Jadilah kami di akhir 2010 bisa resmi berdiri menjadi cabang AIMI pertama di Indonesia. Peresmian besar-besaran dihadiri sekitar 650 orang didukung oleh Telkom dengan menghadirkan pakar laktasi dokter Utami Roesli dan Rustriningsih, ibu Wakil Gubernur Jawa Tengah yang kemudian didaulat menjadi Pembina AIMI Jateng. Terharu sekali melihat baliho berlogo AIMI Jateng terpampang di muka gedung Telkom, di jalan protokol kota Semarang.
Tahun berikutnya ada berkat lagi. Disponsori LSM internasional Mercy Corps, kami bisa mengirim beberapa pengurus mengikuti pelatihan konselor dan fasilitator menyusui. Permintaan kelas-kelas edukASI di daerah mulai banyak berdatangan. Permintaan homevisit oleh klien-klien AIMI juga meningkat. Bahkan dari salah satu acara ‘ngamen’ di Jogja, berdasa undangan komunitas Jogja Parenting Community (JPC), beberapa ibu terhimpun dan kemudian bermetamorfosis menjadi ranting AIMI Jogja Mei 2011 lalu. Dan berhubung kami sudah punya fasilitator, AIMI Jateng bisa mengadakan pelatihan konselor menyusui sendiri di Semarang (bekerja sama dengan Sentra Laktasi Indonesia, DKK Semarang dan RS dr. Karyadi) dan menambah lagi jumlah konselor menyusui AIMI Jateng.
Senang sekali rasanya melihat kiprah AIMI Jateng makin hari makin diterima masyarakat dan diakui pemerintah.

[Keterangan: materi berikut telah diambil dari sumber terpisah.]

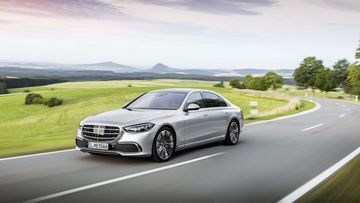 Nếu nhìn vào giá cả, Mercedes S-Class 2023 vượt trội hơn so với đối thủ chính trong phân khúc là BMW 7-Series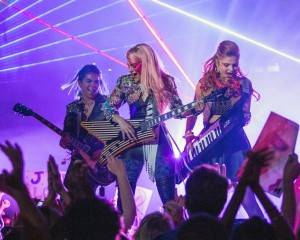 Jem e le Holograms - Il Remake del Fenomeno Anni 80!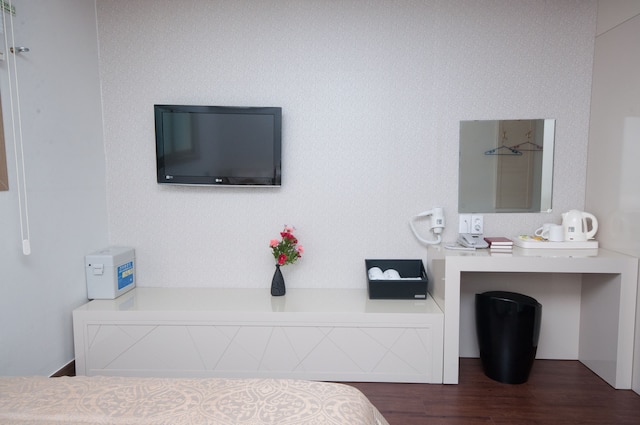 レジデンス モムム ホテル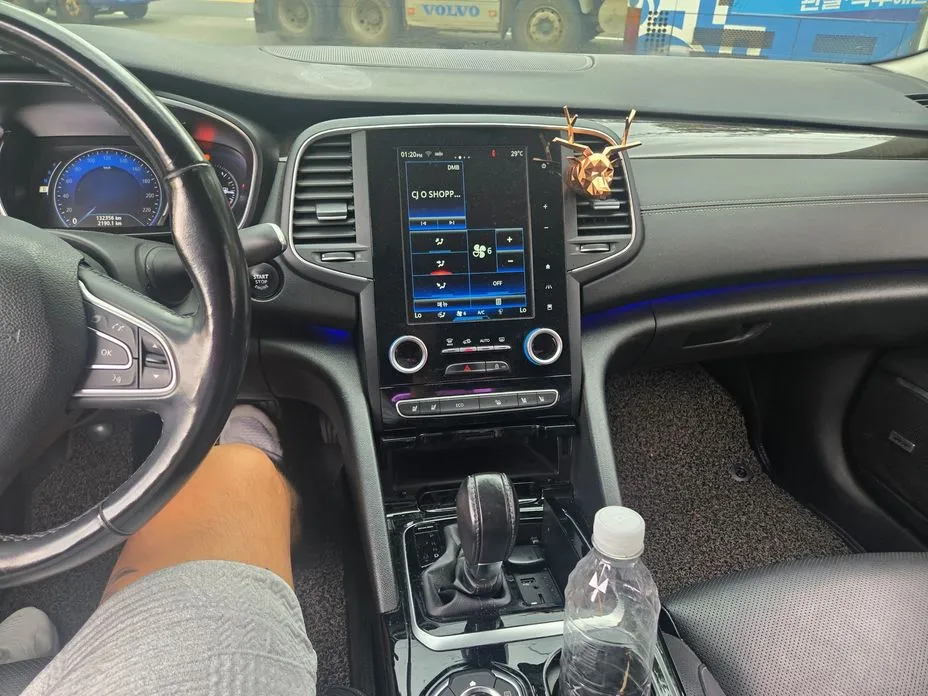 Renault SM6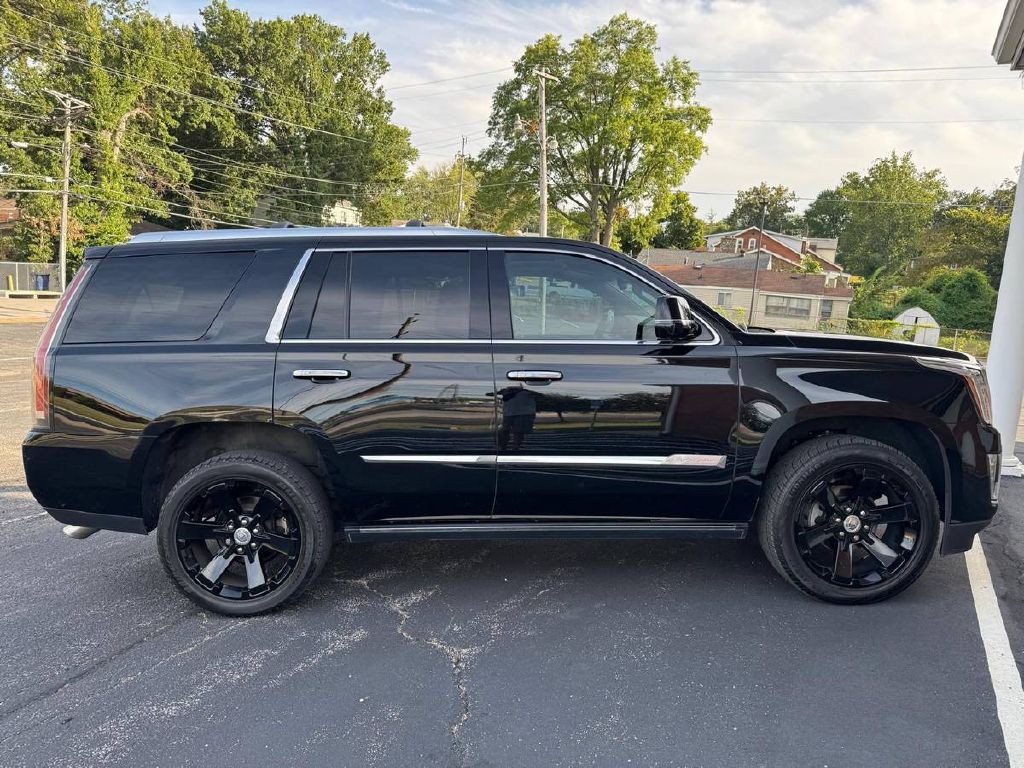 2016 Cadillac Escalade Image 4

Program-program kami seperti AGto (AIMI Goes to Office), AGtC (AIMI Goes to Community), SosialisASI (penyuluhan untuk kaum marginal) telah menyebar ‘virus ASI’ ke banyak keluarga. Selain itu, AIMI juga sering diundang sebagai narasumber untuk berbagai seminar pemerintah dan organisasi perempuan. Makin senang lagi ketika kami bisa mengantarkan AIMI ranting Yogya menjadi cabang sendiri pada Juni 2012 ini.
Generasi demi generasi kepengurusan AIMI Jateng berganti. Sekarang AIMI Jateng sudah memiliki kurang lebih 40 pengurus yang tersebar di berbagai kota, mulai dari Semarang, Salatiga, Solo, Purwokerto, dan masih ada pula aktivis simpatisan yang membantu kegiatan AIMI di Cilacap, Pemalang, Pekalongan dan Wonosobo.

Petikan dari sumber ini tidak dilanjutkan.